A quarta hipótese não tem nada, que eu saiba, que a sustente ou desminta: é apenas uma possibilidade.

A quinta tem contra ele o ser um pouco rebuscada, mas em política nunca se sabe.

A sexta tem contra ela a dificuldade de imaginar uma razão pela qual a Direcção da Prisa quisesse tramar Sócrates ou o PS; é mais plausível, para quem tem, como eu, informação insuficiente, que o quisesse ajudar.

Contra a sétima milita o facto de não sabermos que vias teria a oposição ao seu dispor para pressionar a direcção da TVI; a favor dela milita a resposta que parece mais óbvia à pergunta quid bonum.

Considerar uma hipótese mais provável do que as outras seis pode ser resultado duma intuição ou de um parti pris; mas isto é bom para cada um se convencer a si mesmo, não para convencer mais ninguém.

Certo, certo é que nenhum dos intervenientes, ou hipotéticos intervenientes, nesta lamentável história é flor que se cheire. É um daqueles casos em que nem mesmo os inocentes merecem a comiseração ou o apoio do cidadão comum. Fosse diferente a correlação de forças, ou a circunstância, ou a oportunidade - a vítima e o criminoso, quaisquer que eles sejam, facilmente trocariam de lugar.

quarta-feira, 2 de setembro de 2009

Eu sou professor, e o Carlos Santos não me convence a votar PS

Há muito que o Carlos Santos e eu concordámos em discordar, se não quanto a princípios éticos e políticos que em grande parte partilhamos, certamente quanto à expressão partidária desses princípios.

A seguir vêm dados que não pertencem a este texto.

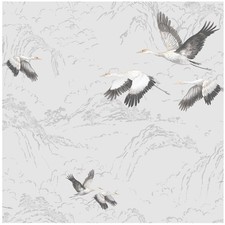 Carta da parati Laura Ashley Animalia argento x 2 rotoli prezzo consigliato £ 48 per rotolo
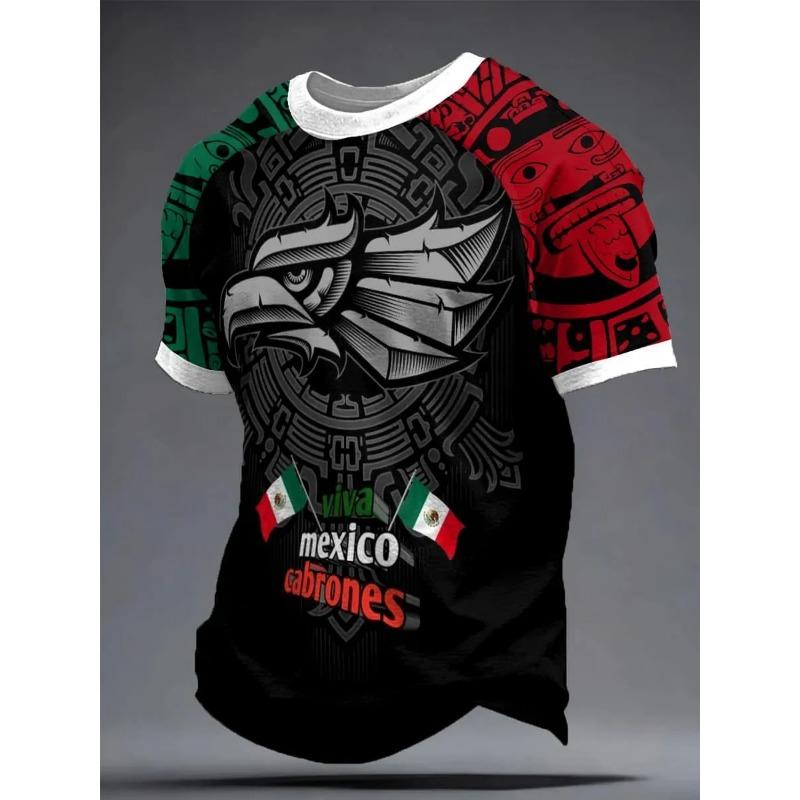 New Men Mexico National Soccer Jersey 3D  Print Quick Dry Football T Shirt  Sports Training Tee for Fan Match Daily Wear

Em relação a este post, são vários os reparos que tenho a fazer.

A primeira afirmação que acho problemática é a de que um professor deve ser um agente activo de mudança. Não porque a considere falsa, mas porque não se pode falar em mudança sem perguntar em que direcção se quer mudar, e isto implica que o professor, para ser agente de mudança, tem forçosamente que ser um crítico das várias mudanças propostas. Acresce que a mudança, na ética docente, é um devir, e por isso inseparável da transmissão de um património. O professor, mormente o do ensino básico ou secundário, assegura a ligação entre o passado e o futuro: esta, e não a mudança pela mudança, é a função e a razão de ser da escola. Mais do que agente de mudança, o professor deve ser agente de progresso.

Como professor, vejo este governo a dar muita importância à mudança e nenhuma ao progresso; e esta é a primeira razão porque não voto PS.

Concordo que a escola não deve ser instrumento de estagnação social ou de perpetuação de injustiças; mas a injustiça perpetua-se precisamente quando se cai no a-historicismo, isto é, quando deixa de se ver o passado como suporte do futuro. Uma sociedade que vive num eterno presente é uma socidade de faraós e fellahs.

Para os bons professores, a metáfora adequada à escola não é o círculo que tem um centro, mas a elipse, que tem dois focos. Não "centram" a escola, nem no aluno, nem em si próprios, porque sabem que a escola acontece onde houver um professor e um aluno e tudo o resto é acessório. Nem a "centram" no conhecimento, porque este ocupa toda a elipse e não um ponto dela.

O bom professor dá importância às tecnologias da informação e da comunicação, mas não faz delas fetiche. A informática é uma tecnologia, um pau a riscar o chão é outra. Para ensinar certas matérias (por exemplo, os movimentos dos planetas) um modelo móvel em três dimensões, tal como se pode criar num programa de computador, é de indubitável utilidade; mas para ensinar outras (por exemplo, o teorema de Pitágoras), tanto faz usar meios informáticos como riscar o chão com um pau. O bom professor sabe que qualquer tecnologia é apenas um meio, e não a trata como se fosse um fim em si mesma.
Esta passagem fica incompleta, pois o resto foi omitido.